Aim of the exercise
Every record below must come back exactly as written, with the images dropped.

Input material
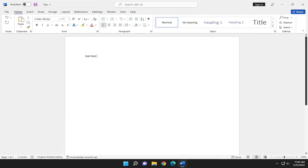In today's tutorial, I'm going to show you how to center text in the middle of the page in Microsoft Word. This will hopefully be a pretty straightforward process here.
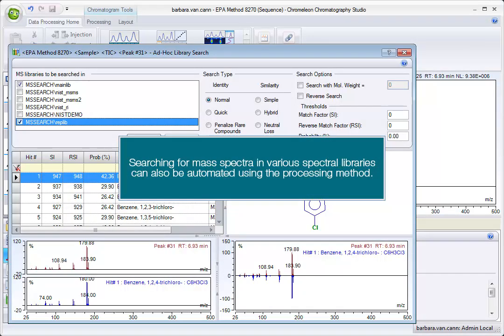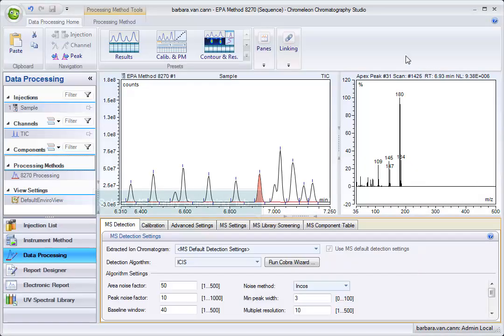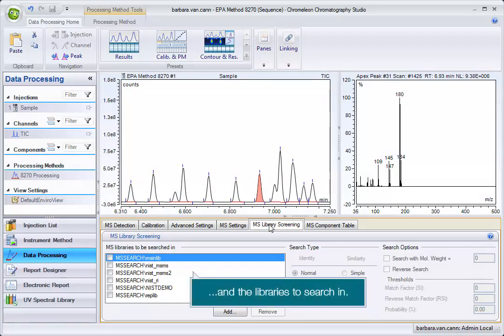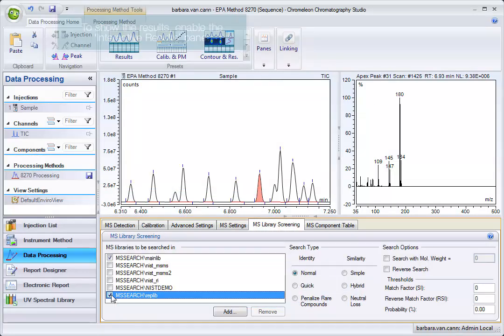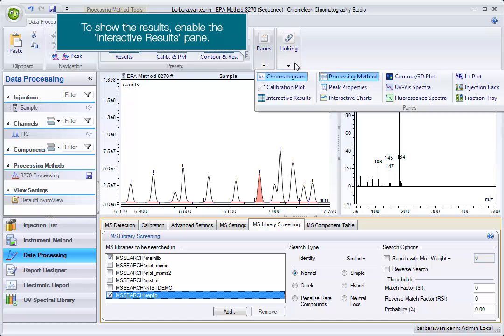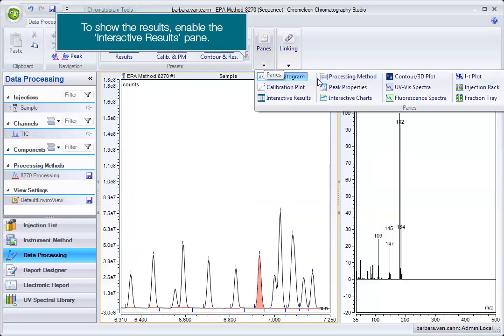Searching for mass spectra in various spectral libraries can also be automated using the processing method. Select the MS Library Screening tab and the libraries to search in. To show the results, enable the Interactive Results pane.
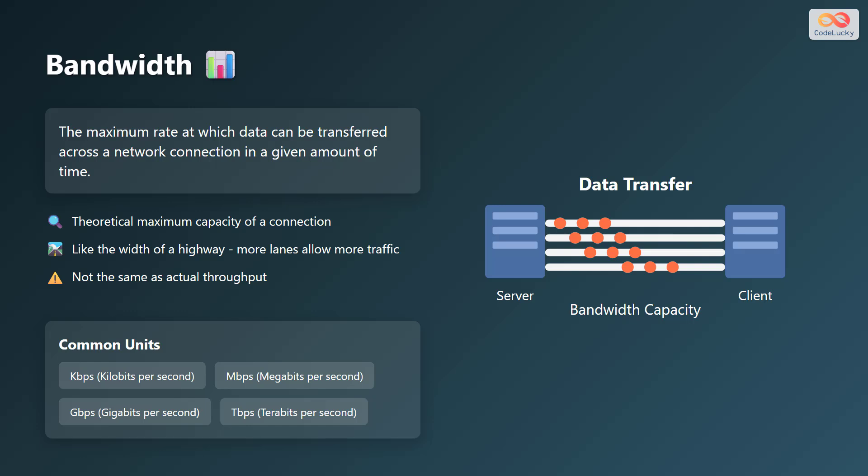Common units for measuring bandwidth include kilobits per second, megabits per second, gigabits per second, and terabits per second.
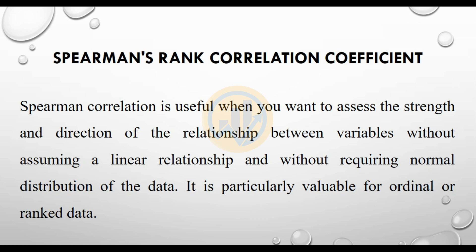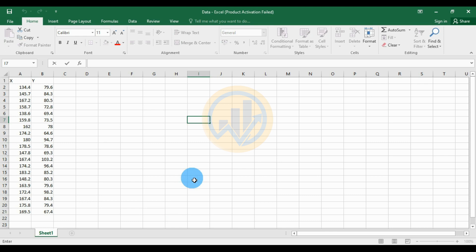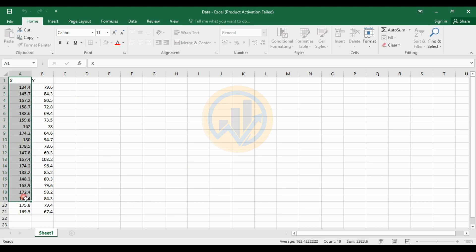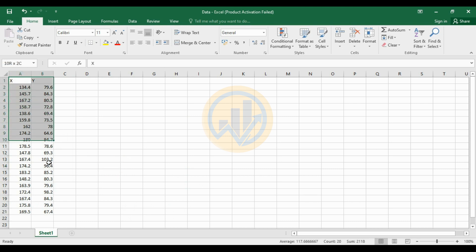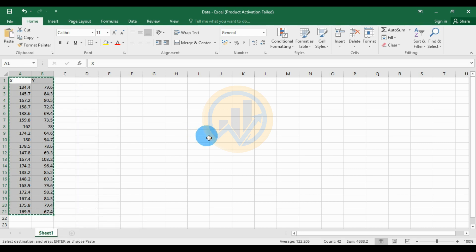Now let's go to the dataset for the Spearman rank correlation coefficients. The dataset has already been entered in an Excel sheet — the first variable is X and the next variable is Y. We will copy and paste this data into GraphPad Prism software.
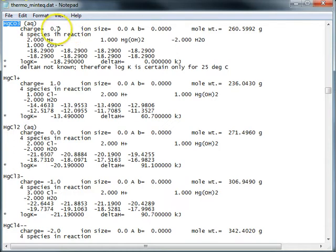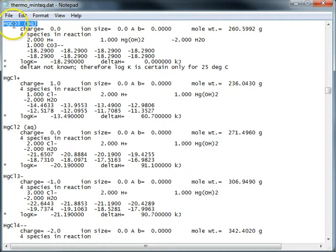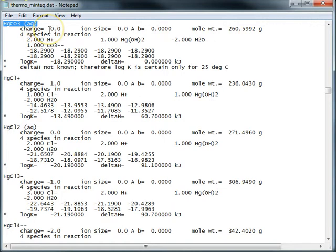So the first thing, this is a thermal dataset. The entry is HGCO3 aqueous. We have some basic properties for that particular molecule. It's charged, it's neutral.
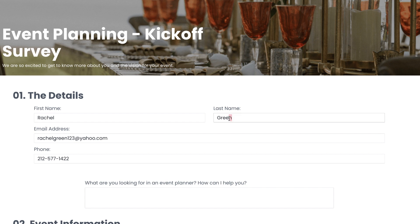If a client erases the answer and types in something new, it will overwrite the answer in Dubsado and save the most recent information entered.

Exercise response
In today's tutorial, I'm going to show you how to center text in the middle of the page in Microsoft Word. This will hopefully be a pretty straightforward process here.
Searching for mass spectra in various spectral libraries can also be automated using the processing method. Select the MS Library Screening tab and the libraries to search in. To show the results, enable the Interactive Results pane.
Common units for measuring bandwidth include kilobits per second, megabits per second, gigabits per second, and terabits per second.
Now let's go to the dataset for the Spearman rank correlation coefficients. The dataset has already been entered in an Excel sheet — the first variable is X and the next variable is Y. We will copy and paste this data into GraphPad Prism software.
So the first thing, this is a thermal dataset. The entry is HGCO3 aqueous. We have some basic properties for that particular molecule. It's charged, it's neutral.
If a client erases the answer and types in something new, it will overwrite the answer in Dubsado and save the most recent information entered.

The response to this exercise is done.